* [Entries provided]
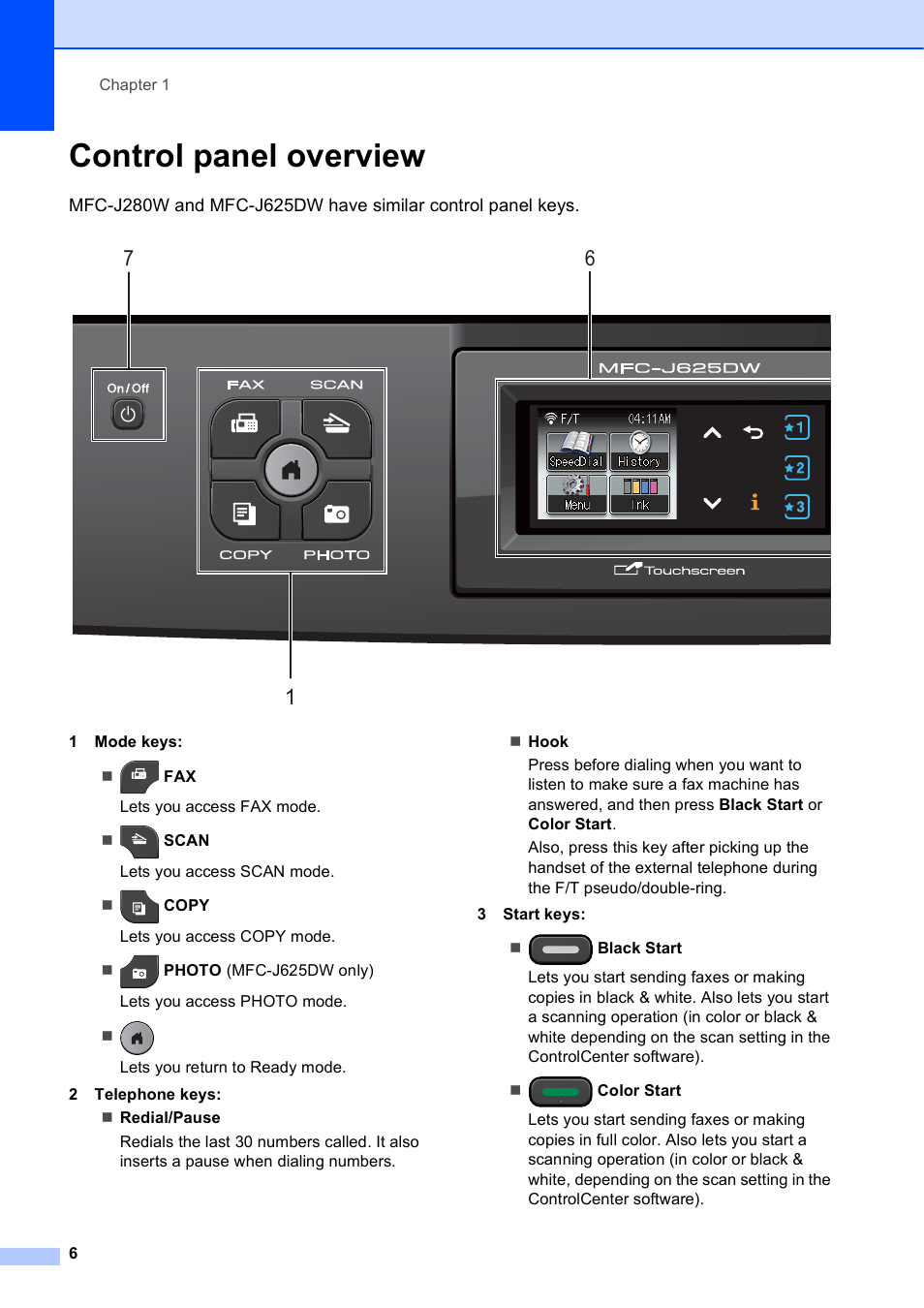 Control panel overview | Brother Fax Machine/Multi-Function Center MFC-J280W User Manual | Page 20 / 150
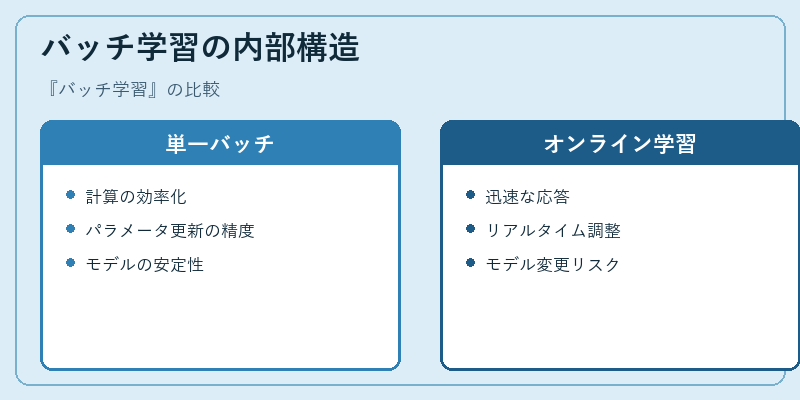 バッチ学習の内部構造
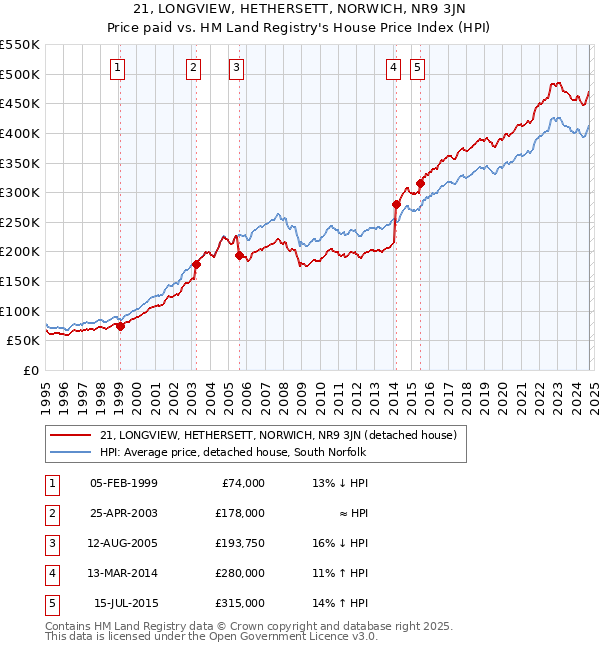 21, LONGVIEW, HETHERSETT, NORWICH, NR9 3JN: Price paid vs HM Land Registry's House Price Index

* * *

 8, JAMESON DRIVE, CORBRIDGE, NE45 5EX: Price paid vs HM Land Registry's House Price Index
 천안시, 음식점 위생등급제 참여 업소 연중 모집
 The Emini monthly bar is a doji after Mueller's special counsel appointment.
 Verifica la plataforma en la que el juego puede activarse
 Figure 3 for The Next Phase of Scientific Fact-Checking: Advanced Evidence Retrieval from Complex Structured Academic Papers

...

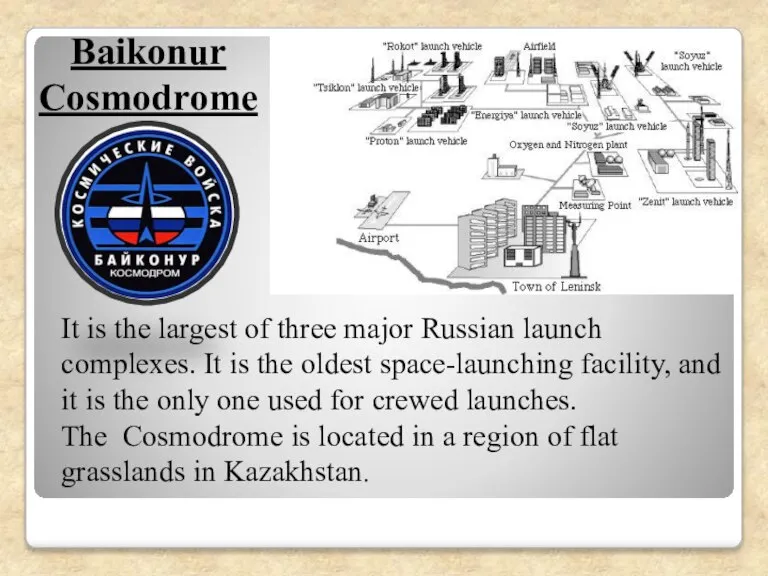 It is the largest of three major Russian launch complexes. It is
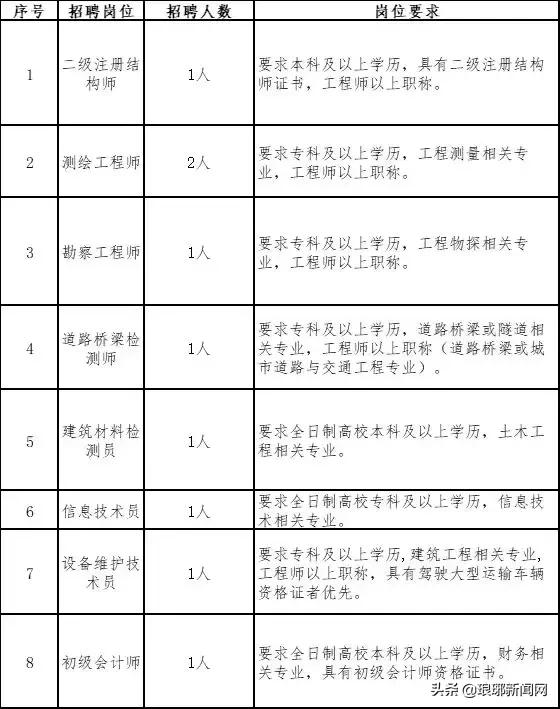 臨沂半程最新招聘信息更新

* [Description of the task] Scan the listing above for the line that has "천안시, 음식점 위생등급제 참여 업소 연중 모집", then copy exactly from that line through the line that has "Figure 3 for".

* [Response area]
 천안시, 음식점 위생등급제 참여 업소 연중 모집
 The Emini monthly bar is a doji after Mueller's special counsel appointment.
 Verifica la plataforma en la que el juego puede activarse
 Figure 3 for The Next Phase of Scientific Fact-Checking: Advanced Evidence Retrieval from Complex Structured Academic Papers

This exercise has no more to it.